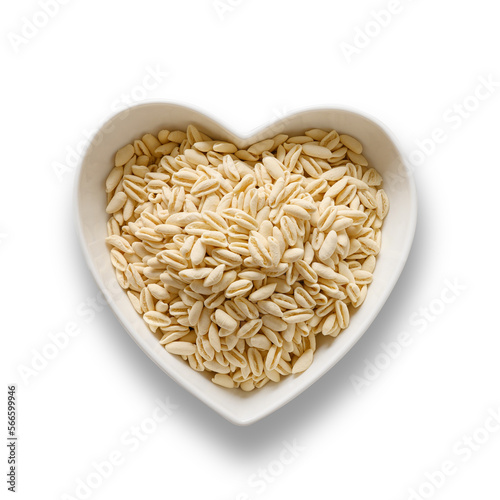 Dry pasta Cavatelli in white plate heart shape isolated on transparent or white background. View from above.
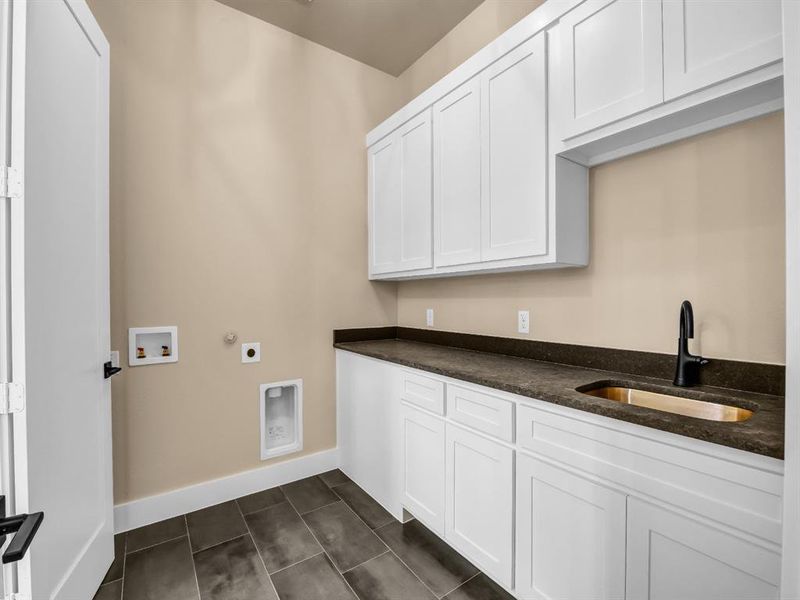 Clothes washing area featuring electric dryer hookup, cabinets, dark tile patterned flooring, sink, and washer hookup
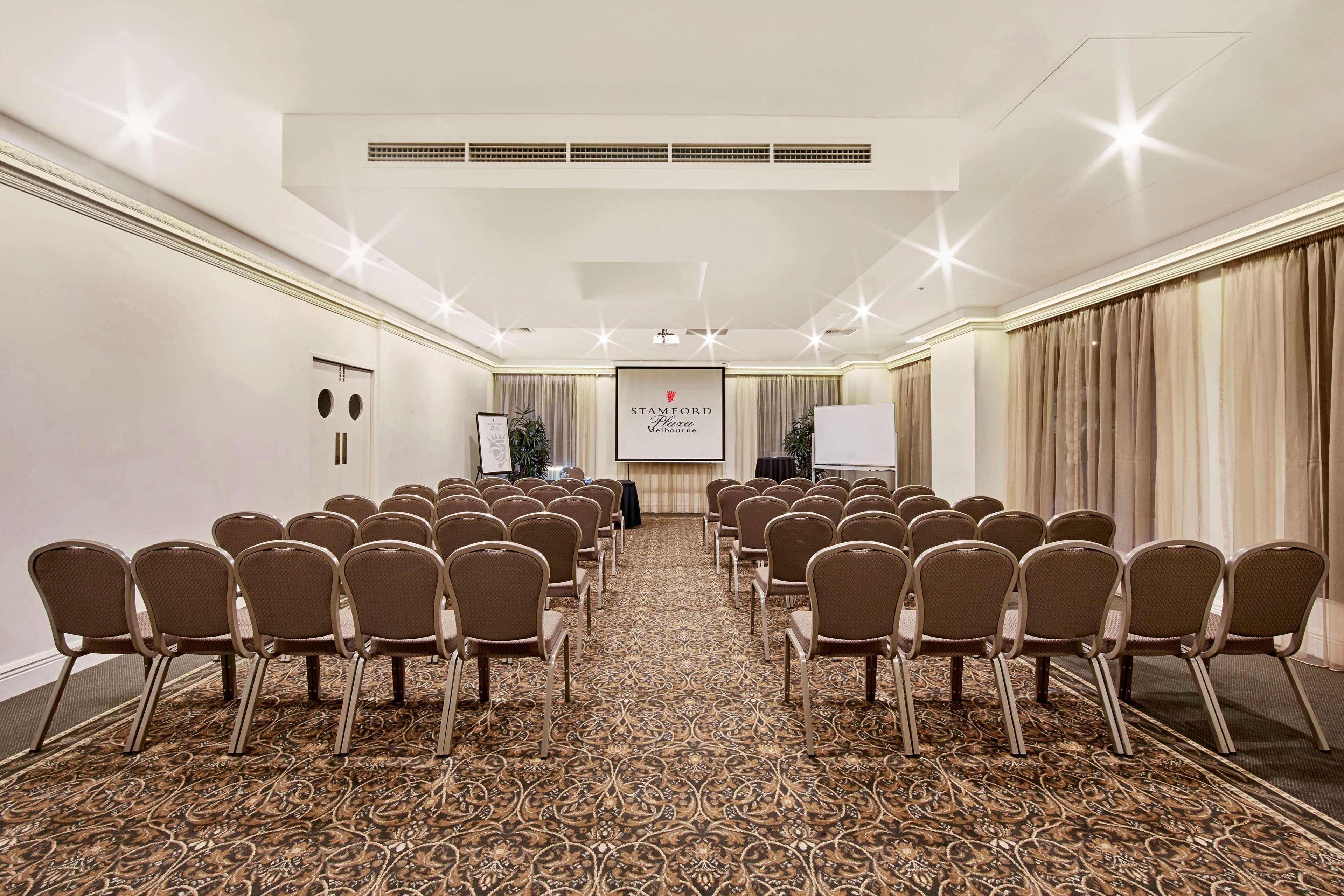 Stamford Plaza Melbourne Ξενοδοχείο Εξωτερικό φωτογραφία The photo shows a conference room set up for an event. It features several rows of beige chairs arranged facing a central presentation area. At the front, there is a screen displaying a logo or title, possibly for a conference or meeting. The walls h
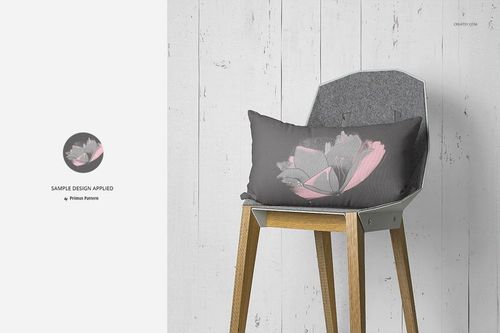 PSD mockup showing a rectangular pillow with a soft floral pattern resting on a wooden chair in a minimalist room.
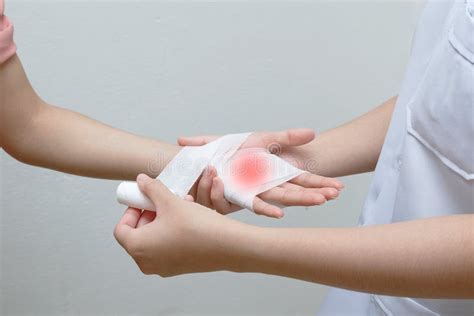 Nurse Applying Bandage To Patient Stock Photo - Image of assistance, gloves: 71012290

#### Description of the task:
Every line from the one bearing "PSD mockup showing" through the end of the data above must be output exactly, and no picture may appear.

#### Answer for the task:
 PSD mockup showing a rectangular pillow with a soft floral pattern resting on a wooden chair in a minimalist room.
 Nurse Applying Bandage To Patient Stock Photo - Image of assistance, gloves: 71012290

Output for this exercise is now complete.